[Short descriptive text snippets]
=== Begin Enclosure ===
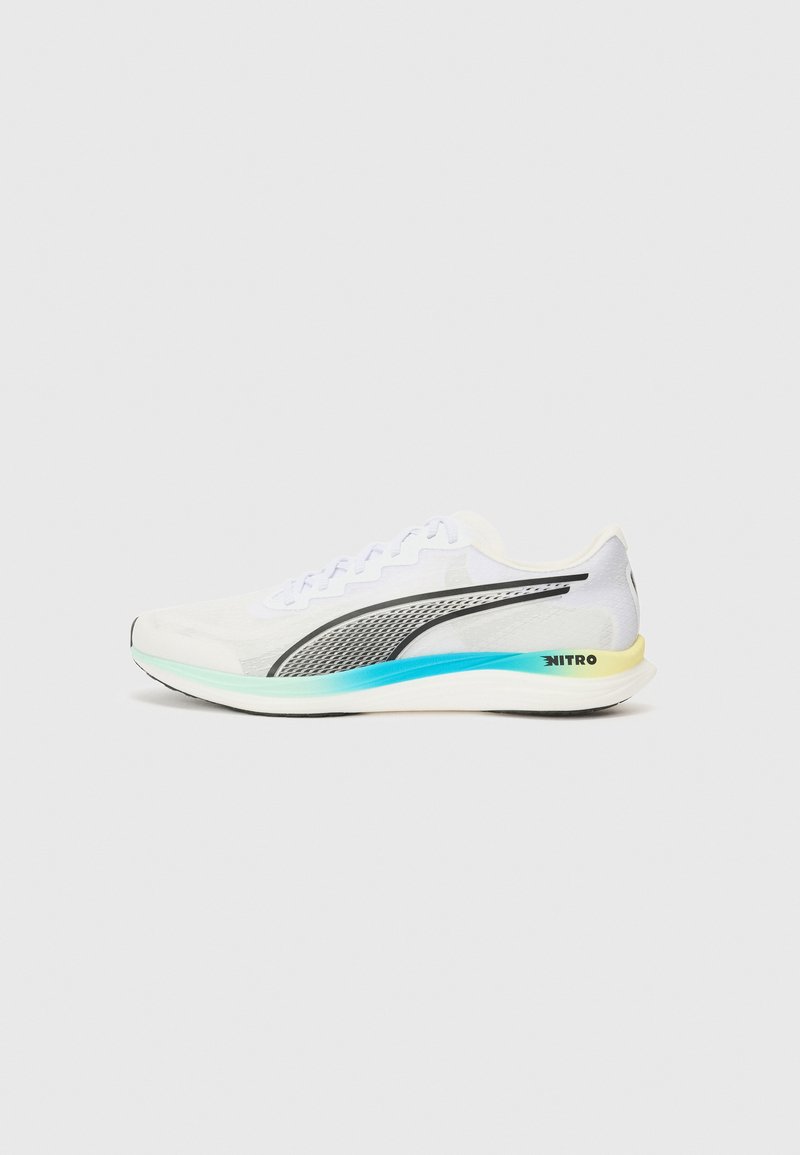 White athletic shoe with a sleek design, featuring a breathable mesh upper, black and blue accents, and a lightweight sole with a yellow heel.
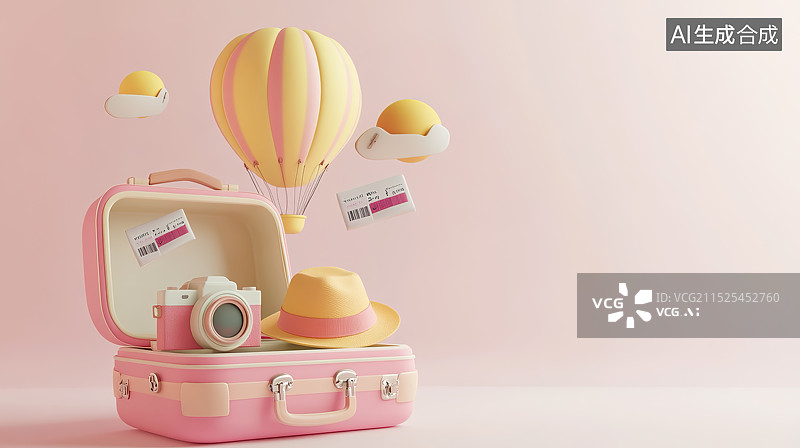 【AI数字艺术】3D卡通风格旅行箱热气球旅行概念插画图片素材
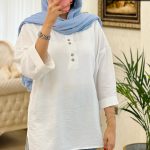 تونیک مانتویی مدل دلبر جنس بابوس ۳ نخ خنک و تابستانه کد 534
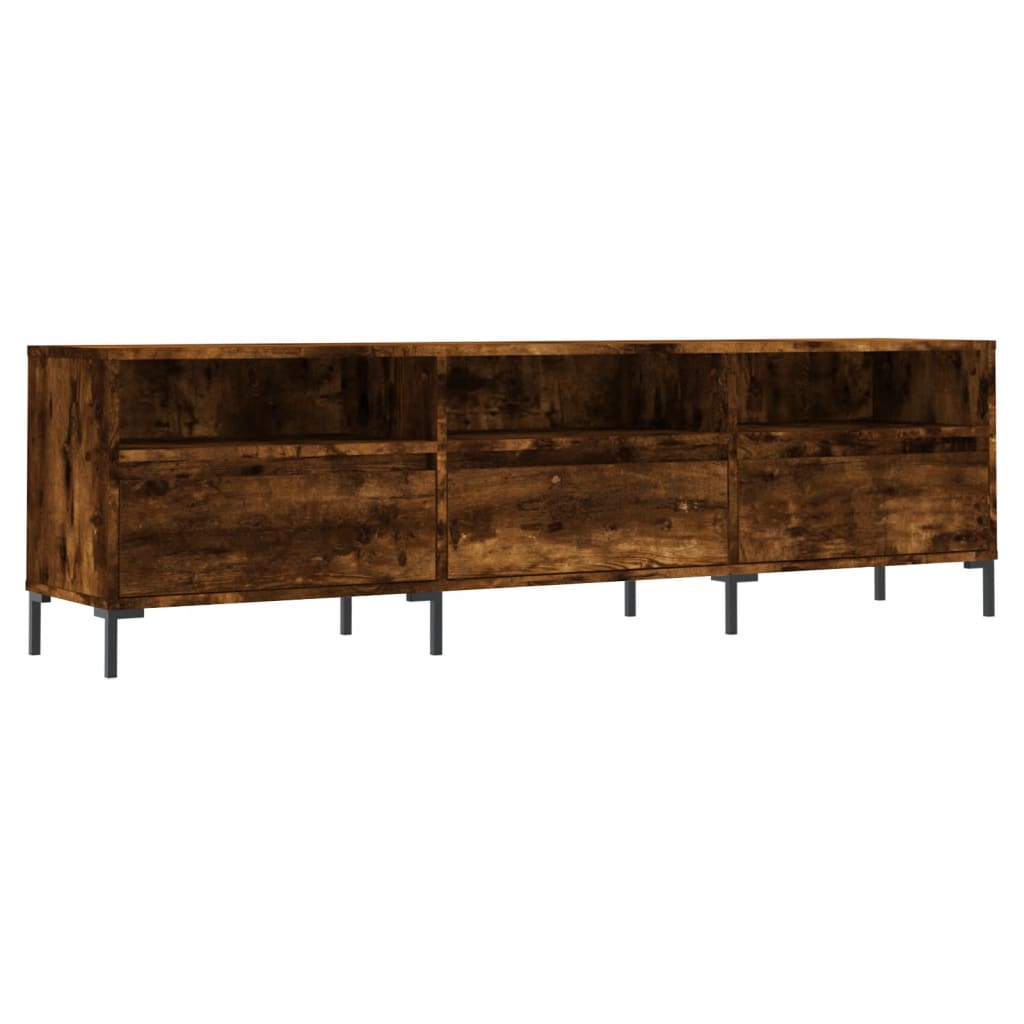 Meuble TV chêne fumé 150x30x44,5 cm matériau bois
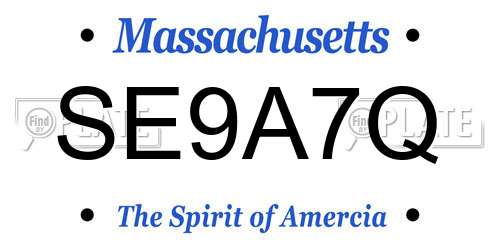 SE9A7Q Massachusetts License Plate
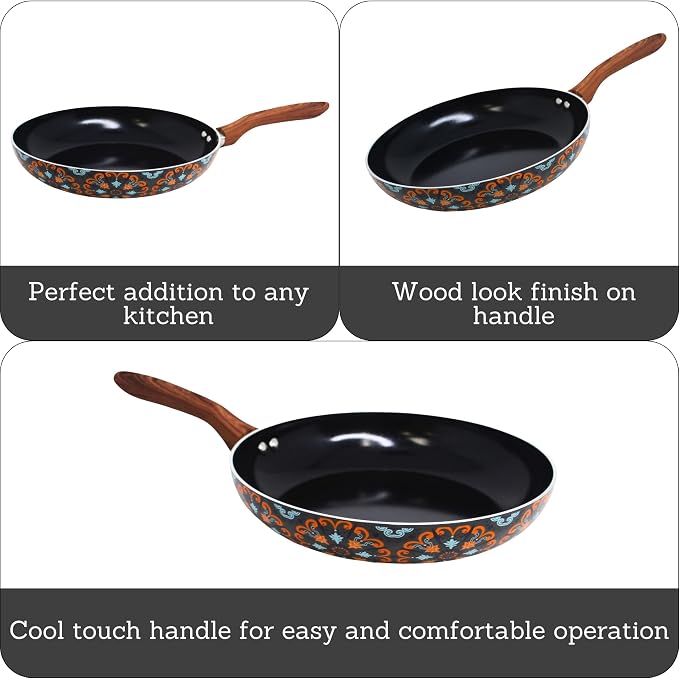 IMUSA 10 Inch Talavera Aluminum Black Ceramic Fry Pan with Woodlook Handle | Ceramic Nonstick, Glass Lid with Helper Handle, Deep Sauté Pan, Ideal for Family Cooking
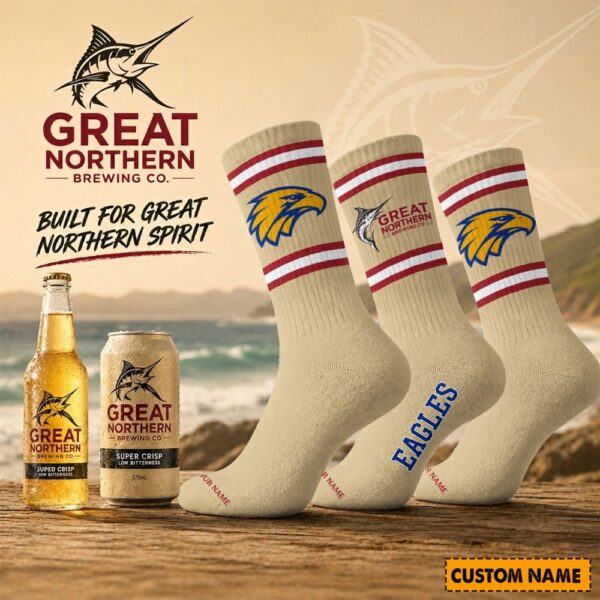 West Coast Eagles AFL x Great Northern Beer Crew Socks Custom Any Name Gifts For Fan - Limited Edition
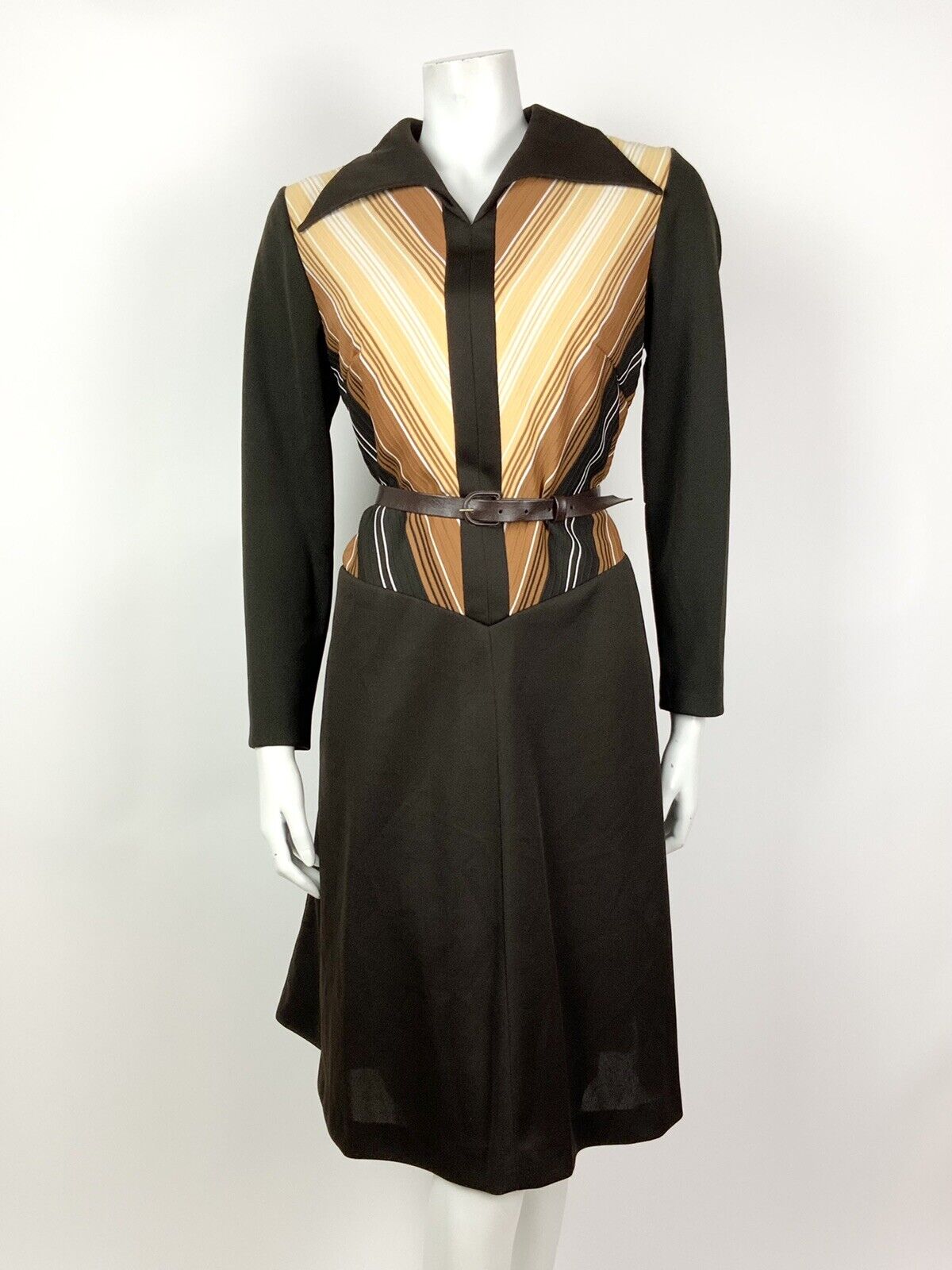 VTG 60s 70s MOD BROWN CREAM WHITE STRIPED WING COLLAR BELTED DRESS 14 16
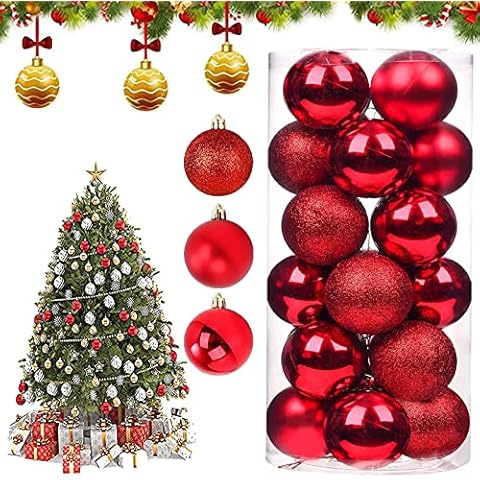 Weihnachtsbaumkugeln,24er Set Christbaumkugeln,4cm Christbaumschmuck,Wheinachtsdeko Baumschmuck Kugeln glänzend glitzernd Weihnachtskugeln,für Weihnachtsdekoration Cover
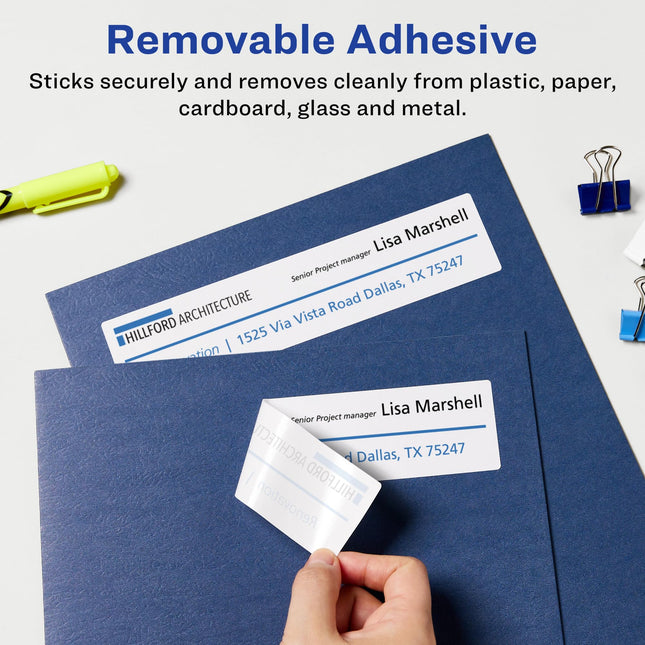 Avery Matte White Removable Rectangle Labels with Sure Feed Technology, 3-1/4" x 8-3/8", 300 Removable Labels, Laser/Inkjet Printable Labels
=== End Enclosure ===
▶ Problem details
Reproduce the data above exactly, but only from the line containing "West Coast Eagles" through the line containing "VTG 60s 70s"; skip the pictures.

▶ Written reply
 West Coast Eagles AFL x Great Northern Beer Crew Socks Custom Any Name Gifts For Fan - Limited Edition
 VTG 60s 70s MOD BROWN CREAM WHITE STRIPED WING COLLAR BELTED DRESS 14 16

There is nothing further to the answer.